A spherical or pear-shaped juglet has a curved neck and an inverted rim, and a handle from the rim to shoulder (Fig. 5:9). These juglets often have a closely ribbed body and a round, flat or concave base. This juglet form is very common throughout Judea, appearing as early as the first century BCE and ceasing to appear in the second century CE (Bar-Nathan 2006:189–194, 211, Pl. 33:1–14). There are parallels at Machaerus (Humbert 2019:217, Pl. 5:4, 5, 7, 8), Qumran (Magen and Peleg 2007:15, 18, 21, Pl. 3:4) and Khirbet er-Rasm in the Judean Shephelah (Sandhaus 2011:124–125, Pl. 2.7: 4).

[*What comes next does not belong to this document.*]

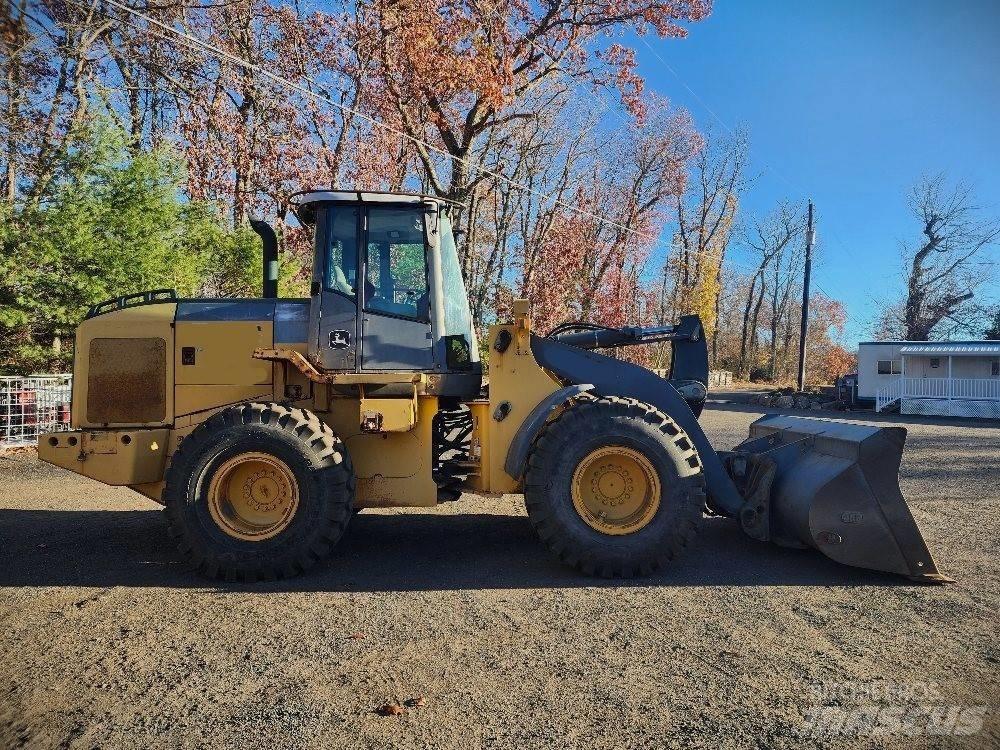 John Deere 624 J Iekrāvēji uz riteņiem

Lamp. A single characteristic Herodian lamp fragment was found (Fig. 5:10). The Herodian lamp has several sub-types, but the sherd is too small to permit precise classification. The Herodian lamps probably appeared as early as the last years of Herodian rule and they were common until the Great Revolt, the latest lamps appear in the second half of the second century CE, for example in the Bar Kokhba refuge caves (Barag and Hershkovitz 1994:44–53). Parallels were found at Machaerus (Mlynarczyk 2019:286–292, Pls. 30–32) and in the Giv‘ati Parking Lot excavations in Jerusalem (Tchekhanovets 2013:124, Figs. 5.14, 5.19).

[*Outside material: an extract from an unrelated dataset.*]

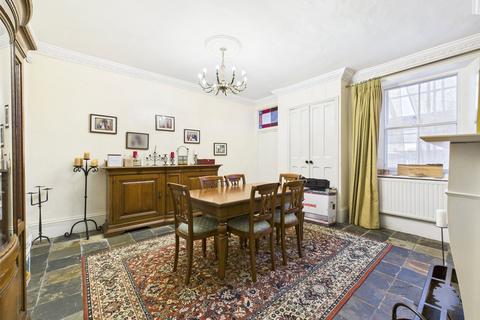 undefined, Essington, North Tawton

Imported Ware. Two small and poorly preserved sherds of imported vessels were found (not drawn). One fragment probably belongs to a Terra Sigillata bowl (Eastern Sigillata A) and the other was probably part of the rim of an imported Aegean amphora. Both vessels are characteristic of the contemporary affluent society and were found in palaces and luxury residences (Berlin 2005:37–38; Bar-Nathan 2006:307–314).
Haim Shkolnik
The excavation yielded seven bronze coins, five of which were identified (Table 1). One is an Alexander Jannaeus coin; the other coins date to the latter half of the first century CE.
Table 1. The coins
SOA (Staff Officer of Archaeology) No.
Alexander Jannaeus
80/79–76 BCE
Agrippa I
42/1 CE
Procurator Porcius Festus
59/8 CE
Great Revolt
Year 2 (67 CE)
Great Revolt
Year 2 (67 CE)
The pottery assemblage dates the occupation at the site mainly from the second half of the first century BCE to the early second century CE. The variety of vessels and the imported ware in the assemblage reflect contemporary assemblages in luxurious residential compounds in Jerusalem, attesting to the wealth of the site, and indicating that it was evidently owned by rich members of society connected to the Roman authorities. The strategic location of the site commands the ancient road that connected Jerusalem with the palaces in Jericho. Although the Herodian building exposed in the previous excavation has not yet been published, one can cautiously propose that an Early Roman fortress was situated on the hilltop to control the road. This proposal finds support in Josephus’ description of the destruction of the ‘palace-fortress’ of Kypros/Cypros (Netzer 1975:61), mentioning that the rebels captured both the fortress and the defenses: “It was now that the insurgents took the fortress called Cypros, which dominated Jericho, massacred the garrison and leveled the defenses.” (Josephus War II, 484). The site was probably a fortress rather than a palace, despite the original identification. In the Hasmonean and Herodian periods, the Judean desert fortresses fulfilled both military and administrative functions (Guri-Rimon 1996).